From this point his testimony followed that of the confessions in which he told of going to the bathroom, finding a pair of pink panties which he put on Mrs. Layser’s nude body, dressing himself, putting the broken door-glass under the TV set, and then leaving the house and driving home.

Although he admitted making the taped confessions, Sites testified that some of the answers he gave were suggested by the police officers who questioned him. He also explained that when he awakened in the Layser home and found Mrs. Layser was badly beaten and he was the only one there he presumed that he was responsible for the beating. This was his explanation for some of his statements in the confessions. Although he admitted that about three years ago be had propositioned Mrs. Layser when he went to her home to return a bassinette, he denied under cross-examination that he planned to go to the Layser home the morning of December 24. He said Mrs. Layser had repulsed his advances when he propositioned her three years ago.

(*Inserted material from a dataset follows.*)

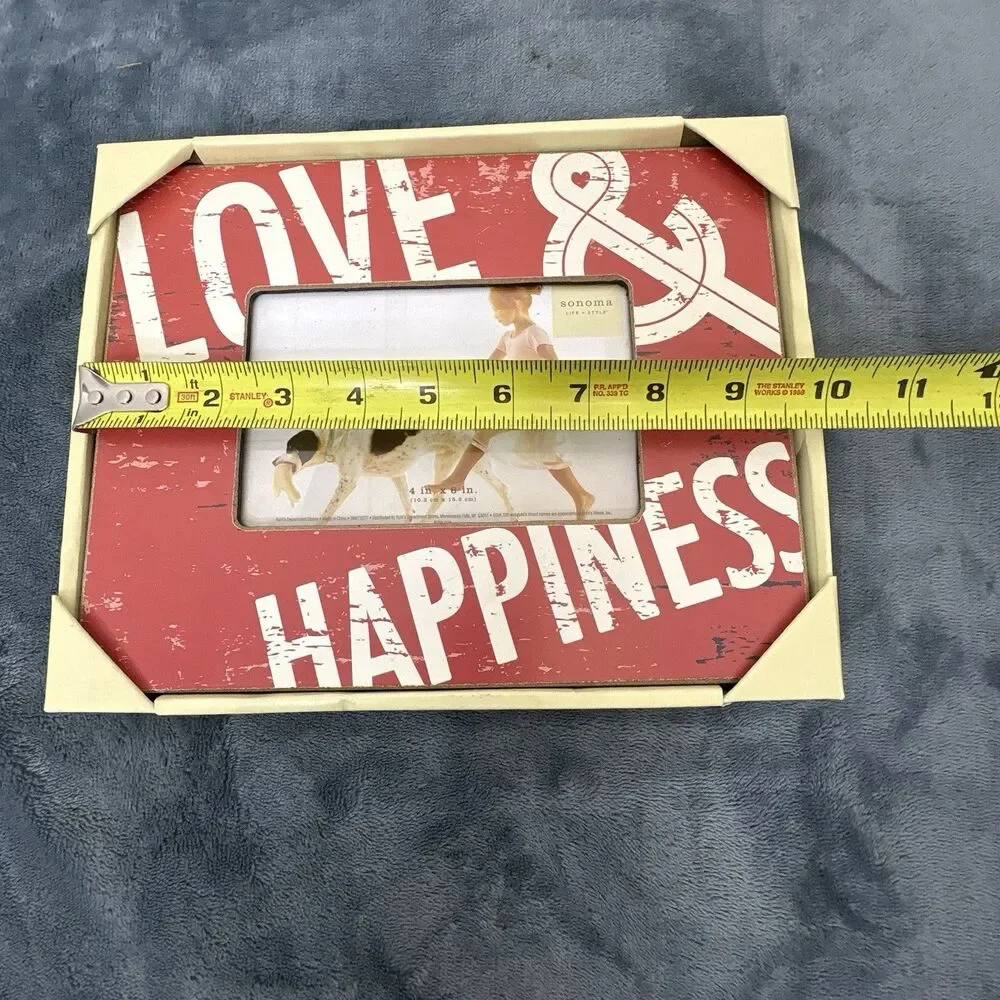 Sonoma Accents Love And Happiness Photo Frame 4x6 Wood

Beaver asked Sites why he had drunk so much at the Newmanstown hotel.

“You drank so much because you planned to go over there?”

“No!”

“You had sex on your mind, didn’t you?” 

“No!”

Throughout his examination Sites denied that he had been advised of his constitutional rights to remain quiet and to have a lawyer. At one point Beaver read from a transcript of prior testimony concerning a reference Sites had made to a TV crime program to emphasize that he knew what his rights were.

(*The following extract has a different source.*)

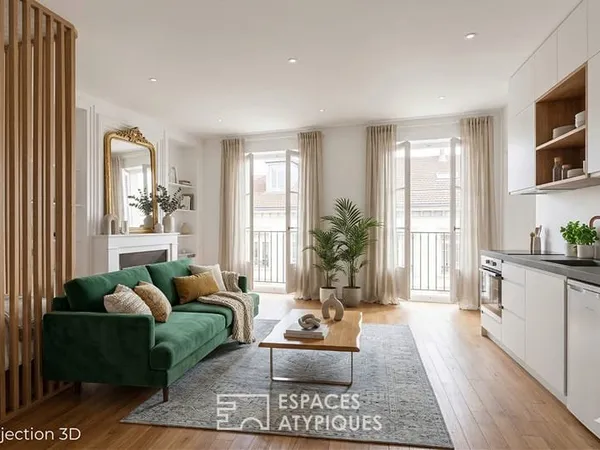 Appartement ancien en plateau à rénover avec balcon filant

This was a point that Bickel had tried to make during his his cross examination of commonwealth police witnesses. Bickel put considerable stress on the question of at what point the murder investigation turned from an investigatory procedure to an accusative action directed at Dennis Terry Sites, and thus at what point was it necessary for Sites to be informed of his rights.

Sites was arrested and charged with the murder December 26, two days after it occurred.

Students of the law generally agreed that while Bickel’s efforts may not have much weight as far as the Sites jury is concerned, they could be important if a guilty verdict is appealed.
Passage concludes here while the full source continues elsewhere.